Sponsored by the AS Womxn’s Identity Resource Center and the Women, Gender and Sexuality studies program, Frohman began her performance with an emphasis on collective liberation, saying “I’m tryna get free.” The dialogue between performer and audience helped Frohman do what she does best, where every viewer gets to “interact with the work in real-time.”
She performed her first poem, a anthem-esque calling named “A Woman’s Place,” because “in this world, we’re convinced to be smaller versions of ourselves.”
“I write poetry first as a gift to myself, to heal, to take back power,” Frohman explained, and dedicated the night’s performance to Puerto Rico.
She discussed the male gaze, and how she used to judge her own worth by the attention men gave her.
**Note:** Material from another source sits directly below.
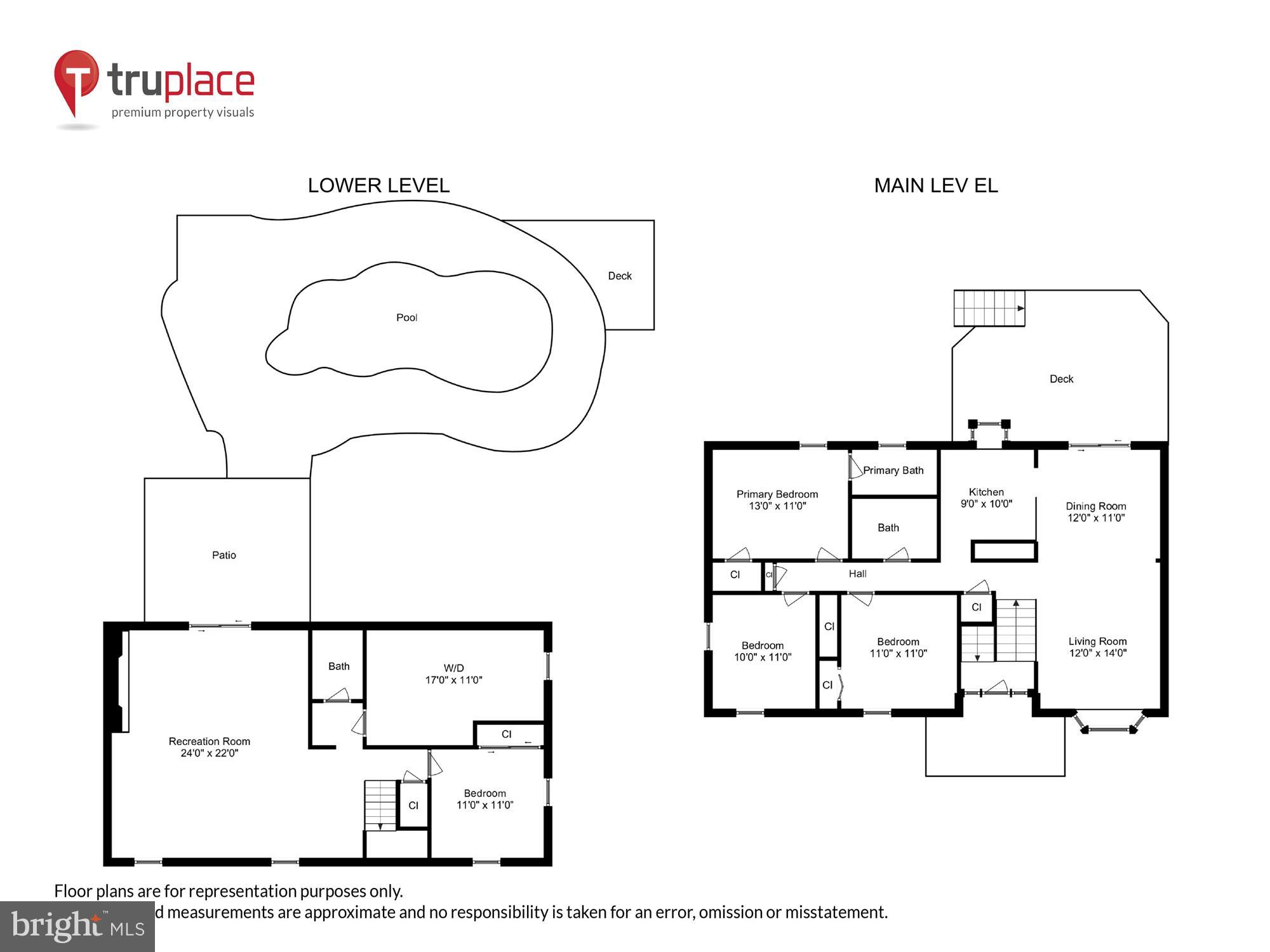 KEUHLING - Residential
She remembered a man that she visited summer after summer, for piragua (grated ice and syrup) and the only man she ever wanted anything from; so, “sexually, he’s my boo.”
She touched on gentrification, and said “praise everything we build under the table,” because we are “America’s thumping baseline.”
Frohman discussed the criminalization of homelessness and undocumented people, and how it is hypocritical due to America’s dependence on undocumented labor and participation. The definition of citizenship “is flimsier than we believe it to be,” she said.
She spoke of the manifestations of what a border can be, beyond a physical border. Her third poem illuminated the blood and sweat pressed into the development of the U.S. She gave a shout out to the Blue Group again, and advised to “write toward a hopeful place,” even when it’s rough in this country.
She made jokes about first kisses, followed by critical analysis’ of the domination of the English language in the U.S.
One poem was a celebration of her mother, in a country where white supremacy now has a microphone. A country that tells one history of itself, where it is really only safe for white people. She discussed how having an accent is somehow viewed as “un-American.” However, there are some people, who “don’t fear whatever we’re not.” She said that “movements are always led by young people,” and “this is your moment.”
In 2016, Frohman performed at the White House, and met a woman who worked with NASA, where Frohman asked about the possibility of other life forms. The woman explained that there were over 10,000 galaxies, and humans haven’t even explored all of the first one yet. Frohman felt a fear, one she realized that emanated from a lack of knowledge. She realized that “we are socialized to be afraid of anything that ain’t us.” Of anything we can’t control.
She asked the woman,”‘What would you say to a life form if you were sitting next to it?”
The woman responded, “I wanna know how they coexist, because we don’t know how to.”